I think that I feel really sad for myself. It's like I'm viewing myself as another person and I'm empathizing with myself...is this what they call self-pity? Ha. But I think I feel really sad at the thought of me believing that my current state of mind is how I would define "good" and "healthy," when really, I am anything but. I am so, so broken. And it makes me sad to think about the treatment I've received from people that have led me to the place I'm in. I'm sad that people would treat me so carelessly. I am sad because I think I know that in the depths of me, I know that I was created to experience relationships so much more fulfilling than this. I'm sad thinking about the degraded love I've become accustomed to and eventually accepted as normal. I think there is just so much more fullness and richness that the Lord desires to show me, and it's sad that I almost don't believe in it.

I'm also sad that, somewhere along the past 21 years, I think I've started believing that my worth is correlated to how people treat me. I'm sad that I don't ever feel like I'm safe to be me without the fear of rejection.

This is an ongoing process for me. I can't wait until I see God's redemption.

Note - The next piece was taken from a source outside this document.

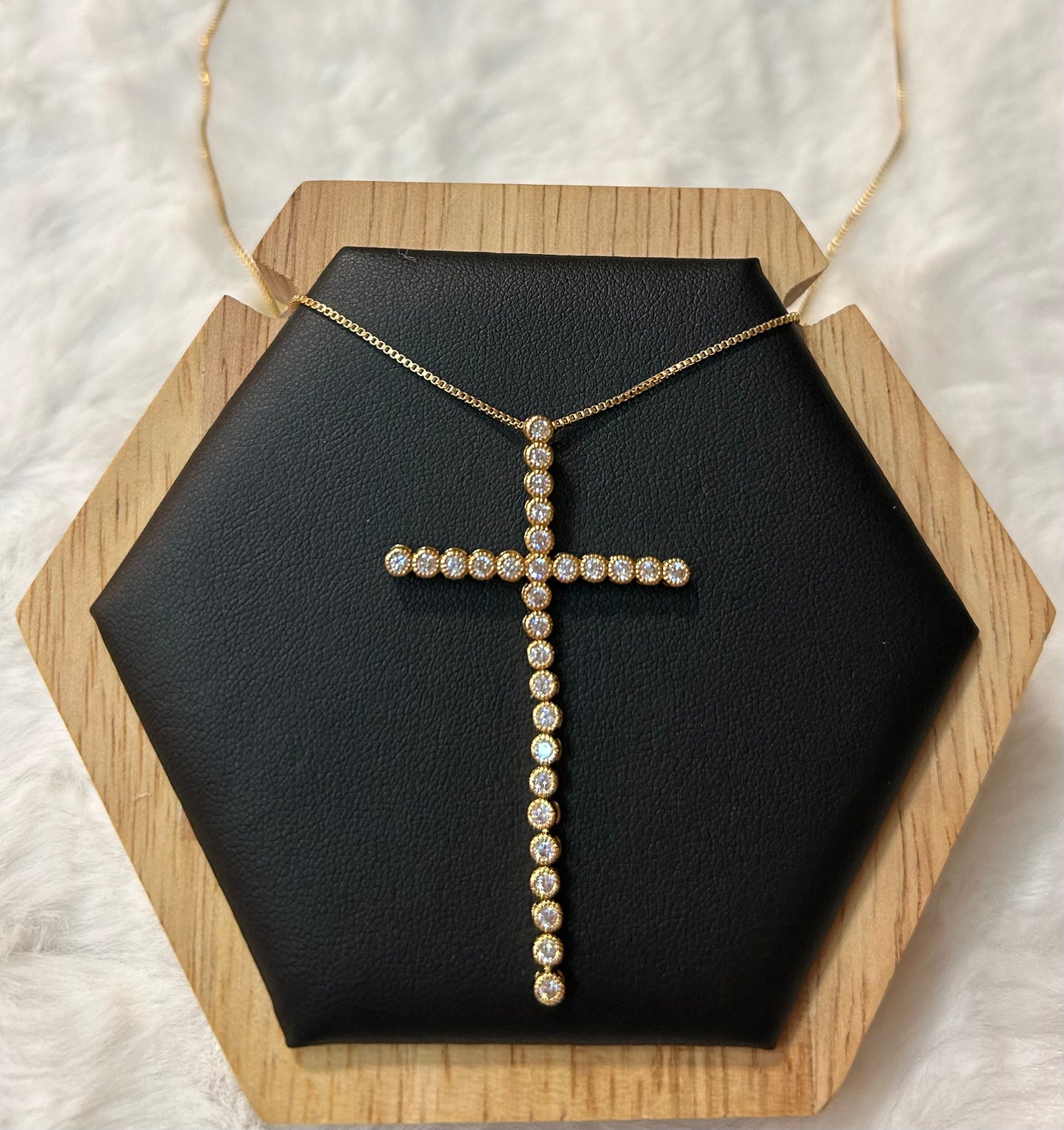 Chain with cross pendant in gold-plated zirconia!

Ps 80:3 Restore us, O God; let your face shine, that we may be saved!
Ps 27:13 I am still confident of this: I will see the goodness of the LORD in the land of the living.

Saturday, March 10, 2012

open

Lately, I feel like my eyes have been opening to the reality of my brokenness. Sometimes we just get so good at pretending we're fine, that we start denying that there's something wrong in us. We get used to our lies.

I count it as a blessing that God has been tenderly bringing certain issues to the surface of my awareness. I truly believe God desires to show these shortcomings of mine in order for me to grow in my understanding of Him and His nature, as well as for me to grow as a better lover of people.

But for now, I just feel incredibly humbled, sometimes foolish, a little ashamed, and kind of frustrated with myself.

Sunday, March 4, 2012

groups

The older I get, the more I realize that I dislike being in big groups. I think it's because I never feel like my voice is heard. I feel like I start shrinking.